* [Records from a data source]
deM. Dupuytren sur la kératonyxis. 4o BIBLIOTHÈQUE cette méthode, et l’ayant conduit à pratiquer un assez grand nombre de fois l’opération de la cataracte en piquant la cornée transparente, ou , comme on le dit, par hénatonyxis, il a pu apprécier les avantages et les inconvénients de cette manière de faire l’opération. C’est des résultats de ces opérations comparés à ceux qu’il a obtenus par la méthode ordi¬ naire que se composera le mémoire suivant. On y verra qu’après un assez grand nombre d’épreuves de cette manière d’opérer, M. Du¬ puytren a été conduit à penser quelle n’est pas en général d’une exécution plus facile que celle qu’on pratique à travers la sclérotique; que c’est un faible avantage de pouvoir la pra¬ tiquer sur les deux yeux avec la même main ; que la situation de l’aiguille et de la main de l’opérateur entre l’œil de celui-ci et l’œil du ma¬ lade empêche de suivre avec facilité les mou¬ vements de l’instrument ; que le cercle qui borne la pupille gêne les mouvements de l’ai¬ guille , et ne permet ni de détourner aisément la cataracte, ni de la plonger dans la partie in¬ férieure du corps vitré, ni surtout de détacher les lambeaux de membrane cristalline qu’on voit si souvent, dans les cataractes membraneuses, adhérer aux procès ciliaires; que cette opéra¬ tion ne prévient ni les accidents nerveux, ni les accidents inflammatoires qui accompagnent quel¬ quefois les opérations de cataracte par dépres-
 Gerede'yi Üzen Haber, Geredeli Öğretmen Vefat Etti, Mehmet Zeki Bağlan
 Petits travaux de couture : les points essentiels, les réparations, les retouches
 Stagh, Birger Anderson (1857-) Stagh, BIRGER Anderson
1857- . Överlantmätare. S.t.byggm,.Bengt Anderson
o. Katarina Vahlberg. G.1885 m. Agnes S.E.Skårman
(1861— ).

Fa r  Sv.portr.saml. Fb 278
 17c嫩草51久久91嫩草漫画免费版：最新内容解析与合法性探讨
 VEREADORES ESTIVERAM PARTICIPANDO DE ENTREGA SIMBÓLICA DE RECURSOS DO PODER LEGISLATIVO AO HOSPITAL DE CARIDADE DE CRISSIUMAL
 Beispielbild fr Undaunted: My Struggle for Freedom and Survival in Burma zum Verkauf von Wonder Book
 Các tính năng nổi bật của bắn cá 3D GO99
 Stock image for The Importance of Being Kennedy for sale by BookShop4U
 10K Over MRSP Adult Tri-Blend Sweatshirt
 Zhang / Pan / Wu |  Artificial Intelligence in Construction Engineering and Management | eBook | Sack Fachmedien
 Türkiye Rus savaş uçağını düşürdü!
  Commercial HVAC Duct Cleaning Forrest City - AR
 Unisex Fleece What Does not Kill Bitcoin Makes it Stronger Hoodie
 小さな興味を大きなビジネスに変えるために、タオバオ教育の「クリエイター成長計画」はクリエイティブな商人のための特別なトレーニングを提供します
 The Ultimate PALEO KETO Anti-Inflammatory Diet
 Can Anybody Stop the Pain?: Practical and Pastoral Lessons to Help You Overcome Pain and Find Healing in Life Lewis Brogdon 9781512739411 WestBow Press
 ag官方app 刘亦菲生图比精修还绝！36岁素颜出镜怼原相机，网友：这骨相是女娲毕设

* [ACTIVITY]
Among the records above, repeat exactly the line with "Stock image for", the line with "Commercial HVAC Duct", and every line in between, and only those.

* [THE COMPLETED TASK]
 Stock image for The Importance of Being Kennedy for sale by BookShop4U
 10K Over MRSP Adult Tri-Blend Sweatshirt
 Zhang / Pan / Wu |  Artificial Intelligence in Construction Engineering and Management | eBook | Sack Fachmedien
 Türkiye Rus savaş uçağını düşürdü!
  Commercial HVAC Duct Cleaning Forrest City - AR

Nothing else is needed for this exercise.